## Task instructions
The exercise calls for every entry that follows to be repeated exactly.

## Records shown
————

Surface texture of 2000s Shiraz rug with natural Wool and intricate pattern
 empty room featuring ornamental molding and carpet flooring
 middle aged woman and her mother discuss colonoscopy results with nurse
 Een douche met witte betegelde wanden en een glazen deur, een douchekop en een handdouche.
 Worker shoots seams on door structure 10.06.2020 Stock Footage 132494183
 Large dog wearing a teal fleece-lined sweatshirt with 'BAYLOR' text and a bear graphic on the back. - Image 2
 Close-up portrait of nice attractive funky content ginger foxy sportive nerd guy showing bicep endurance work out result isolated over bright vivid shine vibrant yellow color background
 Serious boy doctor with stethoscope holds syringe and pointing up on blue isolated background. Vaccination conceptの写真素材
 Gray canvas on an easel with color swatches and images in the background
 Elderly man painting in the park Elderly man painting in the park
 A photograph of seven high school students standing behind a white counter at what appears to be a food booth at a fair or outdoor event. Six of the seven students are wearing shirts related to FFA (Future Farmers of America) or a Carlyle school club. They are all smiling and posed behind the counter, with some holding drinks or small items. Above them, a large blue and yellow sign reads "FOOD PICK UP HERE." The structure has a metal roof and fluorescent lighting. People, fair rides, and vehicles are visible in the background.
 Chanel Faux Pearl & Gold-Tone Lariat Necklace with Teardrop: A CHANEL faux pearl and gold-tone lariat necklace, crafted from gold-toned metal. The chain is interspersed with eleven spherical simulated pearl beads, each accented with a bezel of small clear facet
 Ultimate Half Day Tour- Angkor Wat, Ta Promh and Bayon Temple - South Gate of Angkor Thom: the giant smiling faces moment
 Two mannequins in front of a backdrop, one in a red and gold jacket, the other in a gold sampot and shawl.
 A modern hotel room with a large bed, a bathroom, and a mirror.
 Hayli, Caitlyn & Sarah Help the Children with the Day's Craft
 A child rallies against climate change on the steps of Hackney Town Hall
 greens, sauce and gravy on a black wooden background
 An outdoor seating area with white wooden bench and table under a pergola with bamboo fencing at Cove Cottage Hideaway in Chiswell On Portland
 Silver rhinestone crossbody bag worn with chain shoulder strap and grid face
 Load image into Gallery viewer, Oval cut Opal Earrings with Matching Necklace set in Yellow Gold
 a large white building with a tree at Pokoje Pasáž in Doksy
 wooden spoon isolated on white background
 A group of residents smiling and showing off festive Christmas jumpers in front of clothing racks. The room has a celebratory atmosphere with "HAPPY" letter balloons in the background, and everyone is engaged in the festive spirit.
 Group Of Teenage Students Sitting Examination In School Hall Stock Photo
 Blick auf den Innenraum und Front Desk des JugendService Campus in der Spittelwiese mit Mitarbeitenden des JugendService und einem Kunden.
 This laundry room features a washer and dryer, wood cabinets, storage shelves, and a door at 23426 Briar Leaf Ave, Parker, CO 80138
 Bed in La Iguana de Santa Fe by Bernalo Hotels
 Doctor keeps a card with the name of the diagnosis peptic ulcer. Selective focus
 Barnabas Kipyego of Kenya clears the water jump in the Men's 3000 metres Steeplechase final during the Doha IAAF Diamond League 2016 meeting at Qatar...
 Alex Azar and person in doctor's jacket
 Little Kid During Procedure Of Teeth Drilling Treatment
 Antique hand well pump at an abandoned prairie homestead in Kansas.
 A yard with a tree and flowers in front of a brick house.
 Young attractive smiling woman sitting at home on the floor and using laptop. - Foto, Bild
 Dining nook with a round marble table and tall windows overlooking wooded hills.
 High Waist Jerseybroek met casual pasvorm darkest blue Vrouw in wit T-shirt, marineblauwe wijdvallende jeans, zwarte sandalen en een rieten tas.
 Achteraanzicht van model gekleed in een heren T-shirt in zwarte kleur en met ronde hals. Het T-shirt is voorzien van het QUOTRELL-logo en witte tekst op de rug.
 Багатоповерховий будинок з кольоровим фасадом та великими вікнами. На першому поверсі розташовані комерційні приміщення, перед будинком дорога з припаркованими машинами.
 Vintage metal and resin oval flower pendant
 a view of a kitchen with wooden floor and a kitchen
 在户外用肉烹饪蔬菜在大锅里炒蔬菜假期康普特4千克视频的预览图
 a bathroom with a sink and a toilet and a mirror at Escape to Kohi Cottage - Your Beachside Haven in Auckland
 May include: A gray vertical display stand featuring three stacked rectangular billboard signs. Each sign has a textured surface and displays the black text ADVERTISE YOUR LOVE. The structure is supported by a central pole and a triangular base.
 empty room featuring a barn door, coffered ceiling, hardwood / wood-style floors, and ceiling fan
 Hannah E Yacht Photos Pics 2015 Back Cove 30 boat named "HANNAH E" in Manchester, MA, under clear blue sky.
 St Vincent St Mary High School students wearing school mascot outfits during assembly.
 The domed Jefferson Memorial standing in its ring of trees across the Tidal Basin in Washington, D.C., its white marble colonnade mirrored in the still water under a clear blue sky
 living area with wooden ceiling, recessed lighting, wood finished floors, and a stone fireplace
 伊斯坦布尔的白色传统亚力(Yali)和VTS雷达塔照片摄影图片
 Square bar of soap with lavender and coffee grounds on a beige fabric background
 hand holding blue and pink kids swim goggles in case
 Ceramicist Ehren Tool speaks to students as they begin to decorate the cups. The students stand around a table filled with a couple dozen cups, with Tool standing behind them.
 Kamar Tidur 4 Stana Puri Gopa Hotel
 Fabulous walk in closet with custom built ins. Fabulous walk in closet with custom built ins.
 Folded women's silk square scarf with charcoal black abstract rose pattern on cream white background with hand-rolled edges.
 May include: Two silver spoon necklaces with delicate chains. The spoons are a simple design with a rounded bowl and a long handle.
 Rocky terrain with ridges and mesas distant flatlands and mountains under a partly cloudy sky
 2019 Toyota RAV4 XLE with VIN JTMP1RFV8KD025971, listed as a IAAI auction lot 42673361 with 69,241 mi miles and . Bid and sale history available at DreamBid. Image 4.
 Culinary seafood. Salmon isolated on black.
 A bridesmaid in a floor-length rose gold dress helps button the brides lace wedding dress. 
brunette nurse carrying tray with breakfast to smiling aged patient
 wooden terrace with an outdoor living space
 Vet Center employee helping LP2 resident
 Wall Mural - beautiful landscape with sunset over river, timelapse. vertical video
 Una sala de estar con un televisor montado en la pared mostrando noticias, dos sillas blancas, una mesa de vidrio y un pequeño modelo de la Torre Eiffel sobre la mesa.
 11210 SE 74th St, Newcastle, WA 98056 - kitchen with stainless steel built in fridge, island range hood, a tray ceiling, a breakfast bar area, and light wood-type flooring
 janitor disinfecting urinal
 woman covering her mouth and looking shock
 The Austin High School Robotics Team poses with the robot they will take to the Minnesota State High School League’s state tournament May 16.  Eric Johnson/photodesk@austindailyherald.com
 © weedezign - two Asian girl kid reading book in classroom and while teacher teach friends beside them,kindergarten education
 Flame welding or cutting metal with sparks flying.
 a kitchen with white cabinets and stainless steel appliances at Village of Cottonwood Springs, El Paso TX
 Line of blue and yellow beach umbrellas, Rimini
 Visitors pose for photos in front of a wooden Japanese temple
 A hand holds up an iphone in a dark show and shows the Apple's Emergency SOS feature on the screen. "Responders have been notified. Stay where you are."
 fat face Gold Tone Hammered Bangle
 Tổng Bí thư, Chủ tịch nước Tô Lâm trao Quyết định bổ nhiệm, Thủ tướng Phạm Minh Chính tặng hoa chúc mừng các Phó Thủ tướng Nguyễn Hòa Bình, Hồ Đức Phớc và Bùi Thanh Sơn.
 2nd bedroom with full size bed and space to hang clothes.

————

## Exercise result
Surface texture of 2000s Shiraz rug with natural Wool and intricate pattern
 empty room featuring ornamental molding and carpet flooring
 middle aged woman and her mother discuss colonoscopy results with nurse
 Een douche met witte betegelde wanden en een glazen deur, een douchekop en een handdouche.
 Worker shoots seams on door structure 10.06.2020 Stock Footage 132494183
 Large dog wearing a teal fleece-lined sweatshirt with 'BAYLOR' text and a bear graphic on the back. - Image 2
 Close-up portrait of nice attractive funky content ginger foxy sportive nerd guy showing bicep endurance work out result isolated over bright vivid shine vibrant yellow color background
 Serious boy doctor with stethoscope holds syringe and pointing up on blue isolated background. Vaccination conceptの写真素材
 Gray canvas on an easel with color swatches and images in the background
 Elderly man painting in the park Elderly man painting in the park
 A photograph of seven high school students standing behind a white counter at what appears to be a food booth at a fair or outdoor event. Six of the seven students are wearing shirts related to FFA (Future Farmers of America) or a Carlyle school club. They are all smiling and posed behind the counter, with some holding drinks or small items. Above them, a large blue and yellow sign reads "FOOD PICK UP HERE." The structure has a metal roof and fluorescent lighting. People, fair rides, and vehicles are visible in the background.
 Chanel Faux Pearl & Gold-Tone Lariat Necklace with Teardrop: A CHANEL faux pearl and gold-tone lariat necklace, crafted from gold-toned metal. The chain is interspersed with eleven spherical simulated pearl beads, each accented with a bezel of small clear facet
 Ultimate Half Day Tour- Angkor Wat, Ta Promh and Bayon Temple - South Gate of Angkor Thom: the giant smiling faces moment
 Two mannequins in front of a backdrop, one in a red and gold jacket, the other in a gold sampot and shawl.
 A modern hotel room with a large bed, a bathroom, and a mirror.
 Hayli, Caitlyn & Sarah Help the Children with the Day's Craft
 A child rallies against climate change on the steps of Hackney Town Hall
 greens, sauce and gravy on a black wooden background
 An outdoor seating area with white wooden bench and table under a pergola with bamboo fencing at Cove Cottage Hideaway in Chiswell On Portland
 Silver rhinestone crossbody bag worn with chain shoulder strap and grid face
 Load image into Gallery viewer, Oval cut Opal Earrings with Matching Necklace set in Yellow Gold
 a large white building with a tree at Pokoje Pasáž in Doksy
 wooden spoon isolated on white background
 A group of residents smiling and showing off festive Christmas jumpers in front of clothing racks. The room has a celebratory atmosphere with "HAPPY" letter balloons in the background, and everyone is engaged in the festive spirit.
 Group Of Teenage Students Sitting Examination In School Hall Stock Photo
 Blick auf den Innenraum und Front Desk des JugendService Campus in der Spittelwiese mit Mitarbeitenden des JugendService und einem Kunden.
 This laundry room features a washer and dryer, wood cabinets, storage shelves, and a door at 23426 Briar Leaf Ave, Parker, CO 80138
 Bed in La Iguana de Santa Fe by Bernalo Hotels
 Doctor keeps a card with the name of the diagnosis peptic ulcer. Selective focus
 Barnabas Kipyego of Kenya clears the water jump in the Men's 3000 metres Steeplechase final during the Doha IAAF Diamond League 2016 meeting at Qatar...
 Alex Azar and person in doctor's jacket
 Little Kid During Procedure Of Teeth Drilling Treatment
 Antique hand well pump at an abandoned prairie homestead in Kansas.
 A yard with a tree and flowers in front of a brick house.
 Young attractive smiling woman sitting at home on the floor and using laptop. - Foto, Bild
 Dining nook with a round marble table and tall windows overlooking wooded hills.
 High Waist Jerseybroek met casual pasvorm darkest blue Vrouw in wit T-shirt, marineblauwe wijdvallende jeans, zwarte sandalen en een rieten tas.
 Achteraanzicht van model gekleed in een heren T-shirt in zwarte kleur en met ronde hals. Het T-shirt is voorzien van het QUOTRELL-logo en witte tekst op de rug.
 Багатоповерховий будинок з кольоровим фасадом та великими вікнами. На першому поверсі розташовані комерційні приміщення, перед будинком дорога з припаркованими машинами.
 Vintage metal and resin oval flower pendant
 a view of a kitchen with wooden floor and a kitchen
 在户外用肉烹饪蔬菜在大锅里炒蔬菜假期康普特4千克视频的预览图
 a bathroom with a sink and a toilet and a mirror at Escape to Kohi Cottage - Your Beachside Haven in Auckland
 May include: A gray vertical display stand featuring three stacked rectangular billboard signs. Each sign has a textured surface and displays the black text ADVERTISE YOUR LOVE. The structure is supported by a central pole and a triangular base.
 empty room featuring a barn door, coffered ceiling, hardwood / wood-style floors, and ceiling fan
 Hannah E Yacht Photos Pics 2015 Back Cove 30 boat named "HANNAH E" in Manchester, MA, under clear blue sky.
 St Vincent St Mary High School students wearing school mascot outfits during assembly.
 The domed Jefferson Memorial standing in its ring of trees across the Tidal Basin in Washington, D.C., its white marble colonnade mirrored in the still water under a clear blue sky
 living area with wooden ceiling, recessed lighting, wood finished floors, and a stone fireplace
 伊斯坦布尔的白色传统亚力(Yali)和VTS雷达塔照片摄影图片
 Square bar of soap with lavender and coffee grounds on a beige fabric background
 hand holding blue and pink kids swim goggles in case
 Ceramicist Ehren Tool speaks to students as they begin to decorate the cups. The students stand around a table filled with a couple dozen cups, with Tool standing behind them.
 Kamar Tidur 4 Stana Puri Gopa Hotel
 Fabulous walk in closet with custom built ins. Fabulous walk in closet with custom built ins.
 Folded women's silk square scarf with charcoal black abstract rose pattern on cream white background with hand-rolled edges.
 May include: Two silver spoon necklaces with delicate chains. The spoons are a simple design with a rounded bowl and a long handle.
 Rocky terrain with ridges and mesas distant flatlands and mountains under a partly cloudy sky
 2019 Toyota RAV4 XLE with VIN JTMP1RFV8KD025971, listed as a IAAI auction lot 42673361 with 69,241 mi miles and . Bid and sale history available at DreamBid. Image 4.
 Culinary seafood. Salmon isolated on black.
 A bridesmaid in a floor-length rose gold dress helps button the brides lace wedding dress. 
brunette nurse carrying tray with breakfast to smiling aged patient
 wooden terrace with an outdoor living space
 Vet Center employee helping LP2 resident
 Wall Mural - beautiful landscape with sunset over river, timelapse. vertical video
 Una sala de estar con un televisor montado en la pared mostrando noticias, dos sillas blancas, una mesa de vidrio y un pequeño modelo de la Torre Eiffel sobre la mesa.
 11210 SE 74th St, Newcastle, WA 98056 - kitchen with stainless steel built in fridge, island range hood, a tray ceiling, a breakfast bar area, and light wood-type flooring
 janitor disinfecting urinal
 woman covering her mouth and looking shock
 The Austin High School Robotics Team poses with the robot they will take to the Minnesota State High School League’s state tournament May 16.  Eric Johnson/photodesk@austindailyherald.com
 © weedezign - two Asian girl kid reading book in classroom and while teacher teach friends beside them,kindergarten education
 Flame welding or cutting metal with sparks flying.
 a kitchen with white cabinets and stainless steel appliances at Village of Cottonwood Springs, El Paso TX
 Line of blue and yellow beach umbrellas, Rimini
 Visitors pose for photos in front of a wooden Japanese temple
 A hand holds up an iphone in a dark show and shows the Apple's Emergency SOS feature on the screen. "Responders have been notified. Stay where you are."
 fat face Gold Tone Hammered Bangle
 Tổng Bí thư, Chủ tịch nước Tô Lâm trao Quyết định bổ nhiệm, Thủ tướng Phạm Minh Chính tặng hoa chúc mừng các Phó Thủ tướng Nguyễn Hòa Bình, Hồ Đức Phớc và Bùi Thanh Sơn.
 2nd bedroom with full size bed and space to hang clothes.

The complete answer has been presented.